How to Scrape Job Postings: Create an Autonomous Job Board part 1/2

Jakub
14 min read

Leveraging Web-Scraping and AI for Job Market Monitoring

This blog post aims to demonstrate the monitoring and scraping capabilities of Midesk in action. Using the real-world example of career page scraping, we hope to provide a glimpse into how these features can be applied in different scenarios. We’ve chosen to create a tutorial that walks you through the creation of an autonomous, AI-driven job board, focusing on the media industry.

Why Choose the Media Industry?

The media industry experiences high turnover rates and a constant flux of job openings across numerous companies. Having been a part of the Next Media Accelerator, Midesk has firsthand insights into this sector, making it a relevant field to apply our capabilities.
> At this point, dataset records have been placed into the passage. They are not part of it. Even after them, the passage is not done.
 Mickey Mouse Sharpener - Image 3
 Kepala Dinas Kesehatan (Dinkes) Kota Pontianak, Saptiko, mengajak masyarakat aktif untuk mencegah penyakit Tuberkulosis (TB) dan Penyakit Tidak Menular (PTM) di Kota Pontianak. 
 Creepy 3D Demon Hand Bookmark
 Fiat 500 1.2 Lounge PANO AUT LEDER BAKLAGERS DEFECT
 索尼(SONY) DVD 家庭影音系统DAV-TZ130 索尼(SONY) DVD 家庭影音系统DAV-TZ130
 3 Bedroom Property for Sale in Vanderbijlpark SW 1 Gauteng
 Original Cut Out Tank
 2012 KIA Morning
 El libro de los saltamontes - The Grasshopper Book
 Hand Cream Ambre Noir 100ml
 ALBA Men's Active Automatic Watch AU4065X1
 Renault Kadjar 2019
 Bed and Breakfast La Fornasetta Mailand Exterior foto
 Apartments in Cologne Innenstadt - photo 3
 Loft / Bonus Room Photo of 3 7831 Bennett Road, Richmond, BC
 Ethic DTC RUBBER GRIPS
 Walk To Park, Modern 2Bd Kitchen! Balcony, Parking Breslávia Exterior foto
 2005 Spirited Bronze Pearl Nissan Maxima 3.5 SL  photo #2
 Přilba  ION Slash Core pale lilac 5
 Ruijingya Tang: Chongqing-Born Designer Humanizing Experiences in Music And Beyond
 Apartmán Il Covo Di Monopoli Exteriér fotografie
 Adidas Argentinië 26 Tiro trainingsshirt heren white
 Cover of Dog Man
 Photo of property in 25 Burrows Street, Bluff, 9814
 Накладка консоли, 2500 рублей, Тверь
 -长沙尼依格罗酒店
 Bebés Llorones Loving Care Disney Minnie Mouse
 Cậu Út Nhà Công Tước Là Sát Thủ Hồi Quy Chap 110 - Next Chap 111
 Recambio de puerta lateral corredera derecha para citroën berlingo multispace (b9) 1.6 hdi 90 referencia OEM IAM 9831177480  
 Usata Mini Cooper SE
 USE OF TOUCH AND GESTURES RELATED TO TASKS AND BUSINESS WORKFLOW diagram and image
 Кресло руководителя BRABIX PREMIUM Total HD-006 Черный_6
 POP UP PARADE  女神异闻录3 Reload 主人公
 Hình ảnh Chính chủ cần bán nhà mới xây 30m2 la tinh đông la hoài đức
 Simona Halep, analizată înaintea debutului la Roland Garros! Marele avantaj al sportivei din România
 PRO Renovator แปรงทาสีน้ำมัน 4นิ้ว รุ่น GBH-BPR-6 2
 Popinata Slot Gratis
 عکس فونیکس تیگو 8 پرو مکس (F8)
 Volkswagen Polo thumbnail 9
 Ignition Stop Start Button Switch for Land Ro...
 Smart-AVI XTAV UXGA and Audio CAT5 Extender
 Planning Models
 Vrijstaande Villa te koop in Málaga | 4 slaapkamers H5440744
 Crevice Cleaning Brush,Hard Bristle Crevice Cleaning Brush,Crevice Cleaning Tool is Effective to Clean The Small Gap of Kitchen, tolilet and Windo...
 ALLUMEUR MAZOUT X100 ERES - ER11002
Monitoring job postings in such a dynamic environment can be challenging using traditional methods or conventional software due to rapid changes and the scattered nature of postings.

Moveover, job scraping is typically a technical process that requires a high level of expertise. However, with Midesk’s no-code solution, you can easily automate the process of job scraping and create an AI-driven job board.

The Outcome: An Autonomous, AI-Driven Job Board

This guide will walk you through the process of leveraging Midesk’s features to build an AI-powered job board. This job board will constantly update with new job listings scraped from various media companies, providing a solution to the rapid changes in this sector, while also illustrating the applications of Midesk’s platform.

Curious to see what the final product looks like? Visit the completed job board at karriere.media.

Landing page

In the spirit of providing an intuitive experience for job seekers, this autonomous job board puts essential information and features front and center. From the landing page to the individual job postings, each element aims to streamline the job search process.

Job board frontpage

To optimize the search process, an inclusive filter system is available on the left side of the screen, enabling users to narrow down the job listings based on:

Filter Options

  • Freshness: Keeping up with the newest opportunities, users can locate jobs posted within the last 24 hours or 7 days.
  • Companies: Highlighting jobs from chosen companies with an available tally of open positions.
  • Roles: Customizing the job search according to preferred roles like content creation, administrative tasks, technology & IT, project management, and more.
  • Locations: Providing location-based filters for job postings.
  • Education: Allowing users to filter job openings by required educational credentials.
  • Level: Filtering job listings based on experience levels: mid-level, internship, entry level, associate, or senior level positions.
  • Work Arrangement: Selecting jobs based on desired work settings: on-site, hybrid, or entirely remote.
  • Employment Type: Specifying the type of employment desired, such as full-time, part-time, or freelance.

Main Content Area

The central content area offers a view of the latest job postings, with the most recent opportunities given precedence. Each job listing includes essential details like job title, hiring company, job location, and posting date. Clicking on a job listing provides access to the job posting detail page.

Job posting detail page

The job posting detail page provides an in-depth look into each job opportunity.

Job board detail page

At the top of the page, you’ll find the time since the job was posted, the job title, and an AI-generated summary of the job role.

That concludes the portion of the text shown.